Scientists have long known that ancient people living in Siberia made their way into what is now North America. Mounting DNA evidence suggests migration also happened in the opposite direction

By Freda Kreier on January 12, 2023



The sun rises over the Continental Divide in Bering Land Bridge National Preserve in Arctic Alaska. Credit: Natural History Library/Alamy Stock Photo
Science has long known that people living in what is now Siberia once walked (and later paddled boats) across the Being Strait into North America. But new evidence now shows that these early migrations weren’t one-way trips: in a study published on Thursday in Current Biology, researchers say they have uncovered traces of Native American ancestry in the DNA of Siberians who lived centuries ago.

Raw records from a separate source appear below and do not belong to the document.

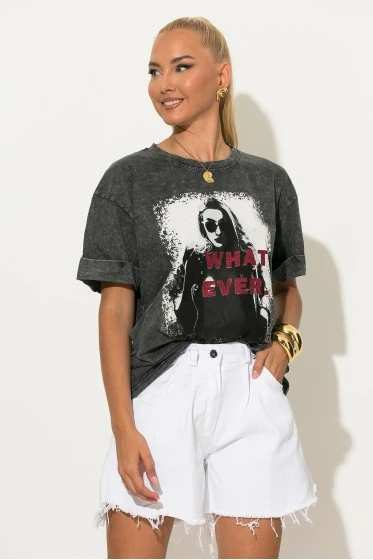 T-shirt με στάμπα woman what ever ανθρακί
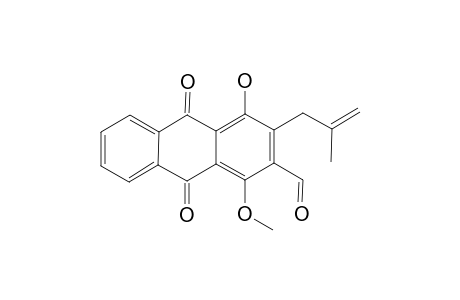 3-FORMYL-1-HYDROXY-4-METHOXY-2-(2'-METHYLPROP-2'-ENYL)-ANTHRAQUINONE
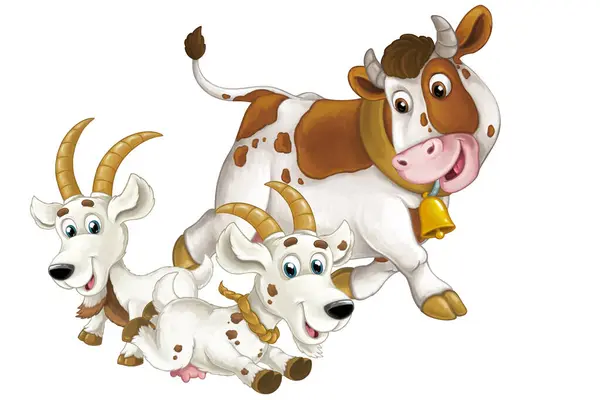 Escena Dibujos Animados Con Animales Granja Felices Vaca Dos Cabras —  Fotos de Stock
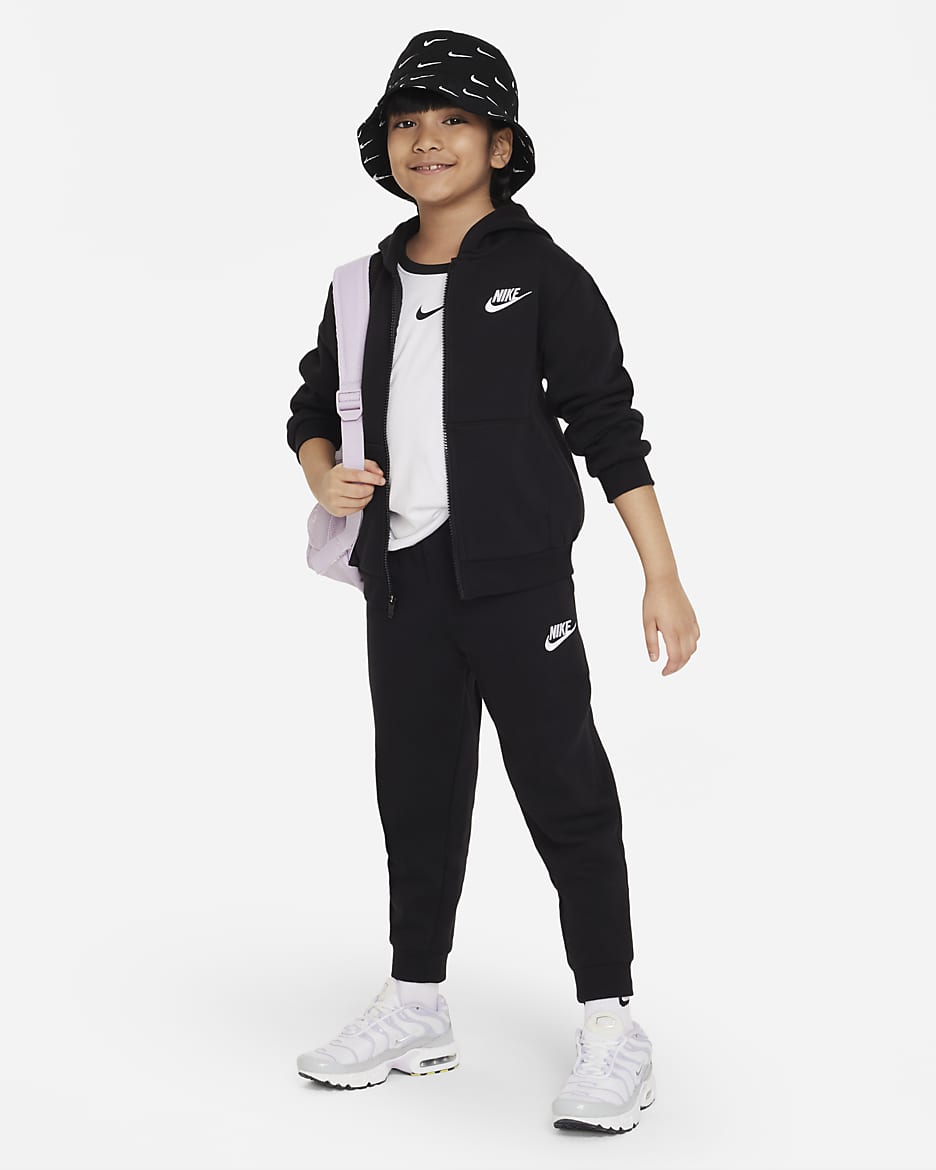 Nike Sportswear Club Fleece Little Kids' Full-Zip Hoodie - Black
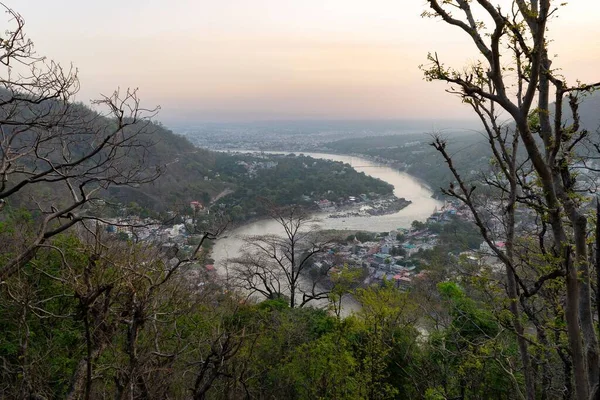 Una Vista Aérea Del Río Rishikesh Ganges Uttarakhand India —  Fotos de Stock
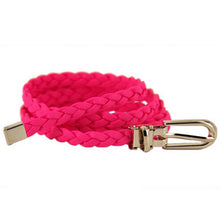 Women Weaved Braid PU Leather Skinny Narrow Waistband Waist Belt 1 CM Wide E80 NW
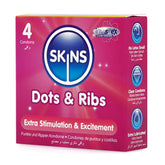 Skins Dots & Ribs Condom 4 Pieces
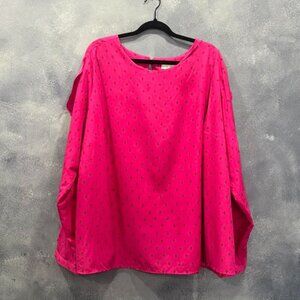 AVA & VIV Women's blouse in Ruby Pink color with ruffle sleeves Size 4X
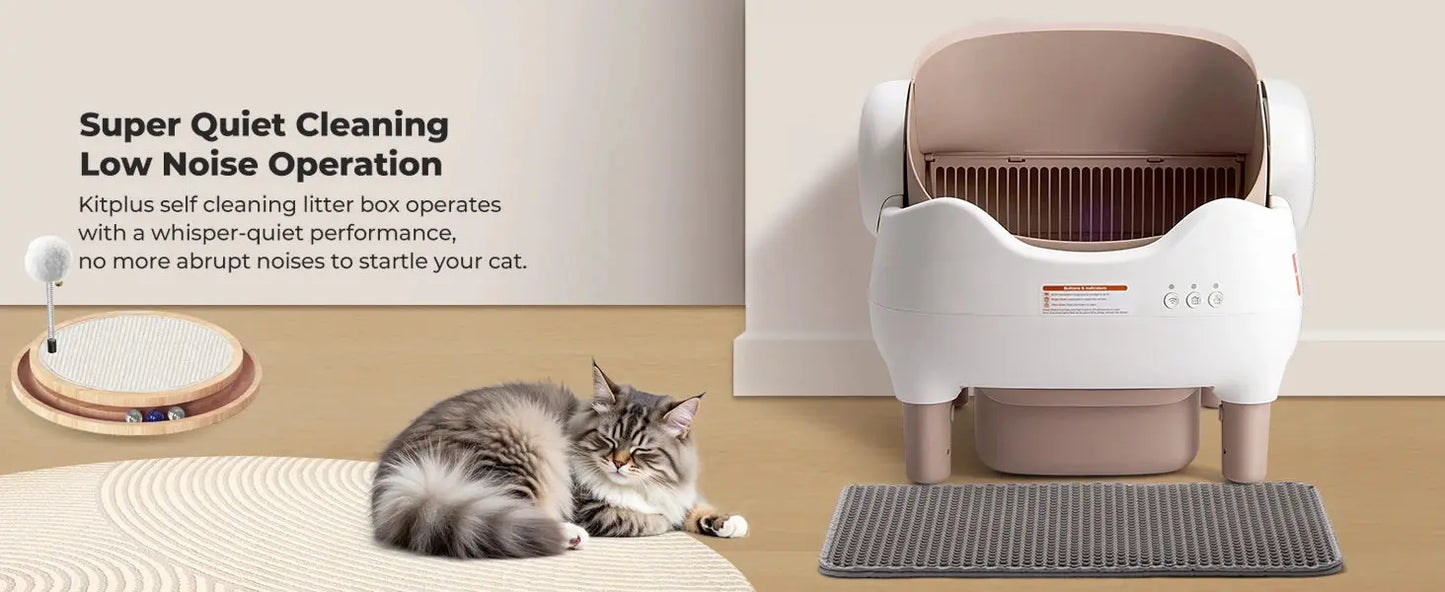 Self Cleaning Litter Box, Automatic Cat Litter Box with APP Control, Odor-Free  Large Waste Bin, Open-Top for Multi Cats Ai-TechWorld 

This American heritage—still present in the genomes of some Siberians today—adds to a scattering of archeological evidence suggesting that North Americans were in contact with their northern Asian neighbors for thousands of years before Europeans arrived.

The discovery is not wholly unexpected. “Human movement is rarely unidirectional,” says the new study’s co-author Cosimo Posth, an archaeogeneticist at the University of Tübingen in Germany. “There is usually some back and forth.”

Exactly when and how people first arrived in the Americas is one of the longstanding debates in archaeology. Hypothesized dates vary widely, but many researchers agree that the earliest migrants likely traveled across the Bering Land Bridge, a strip of land that periodically connected northern Asia to modern-day Alaska in prehistory. This transcontinental highway succumbed to rising sea levels sometime between 11,000 and 10,000 years ago, but that didn’t stop migrations between the landmasses. Genetic studies and archaeological digs indicate that people from Siberia made the move into North America several more times, including as recently as 1,000 years ago.